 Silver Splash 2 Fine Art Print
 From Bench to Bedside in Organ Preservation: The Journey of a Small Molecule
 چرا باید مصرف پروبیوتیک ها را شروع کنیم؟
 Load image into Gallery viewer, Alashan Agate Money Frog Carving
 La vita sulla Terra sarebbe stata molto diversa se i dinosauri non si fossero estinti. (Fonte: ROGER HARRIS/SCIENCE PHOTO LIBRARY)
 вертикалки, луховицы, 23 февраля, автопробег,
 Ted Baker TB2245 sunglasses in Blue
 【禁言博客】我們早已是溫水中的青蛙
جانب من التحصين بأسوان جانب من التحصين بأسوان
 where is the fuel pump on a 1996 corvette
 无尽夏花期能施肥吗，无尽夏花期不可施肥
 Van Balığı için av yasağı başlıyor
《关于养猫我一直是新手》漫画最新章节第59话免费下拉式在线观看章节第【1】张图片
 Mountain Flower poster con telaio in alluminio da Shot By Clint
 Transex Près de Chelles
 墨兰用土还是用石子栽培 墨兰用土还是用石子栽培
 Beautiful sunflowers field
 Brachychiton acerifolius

= = = =

PROBLEM TO SOLVE:
Each line from the one containing "From Bench to" through the end of the entries, both included, is to be returned exactly, with no other lines.

RESULT OF THE TASK:
 From Bench to Bedside in Organ Preservation: The Journey of a Small Molecule
 چرا باید مصرف پروبیوتیک ها را شروع کنیم؟
 Load image into Gallery viewer, Alashan Agate Money Frog Carving
 La vita sulla Terra sarebbe stata molto diversa se i dinosauri non si fossero estinti. (Fonte: ROGER HARRIS/SCIENCE PHOTO LIBRARY)
 вертикалки, луховицы, 23 февраля, автопробег,
 Ted Baker TB2245 sunglasses in Blue
 【禁言博客】我們早已是溫水中的青蛙
جانب من التحصين بأسوان جانب من التحصين بأسوان
 where is the fuel pump on a 1996 corvette
 无尽夏花期能施肥吗，无尽夏花期不可施肥
 Van Balığı için av yasağı başlıyor
《关于养猫我一直是新手》漫画最新章节第59话免费下拉式在线观看章节第【1】张图片
 Mountain Flower poster con telaio in alluminio da Shot By Clint
 Transex Près de Chelles
 墨兰用土还是用石子栽培 墨兰用土还是用石子栽培
 Beautiful sunflowers field
 Brachychiton acerifolius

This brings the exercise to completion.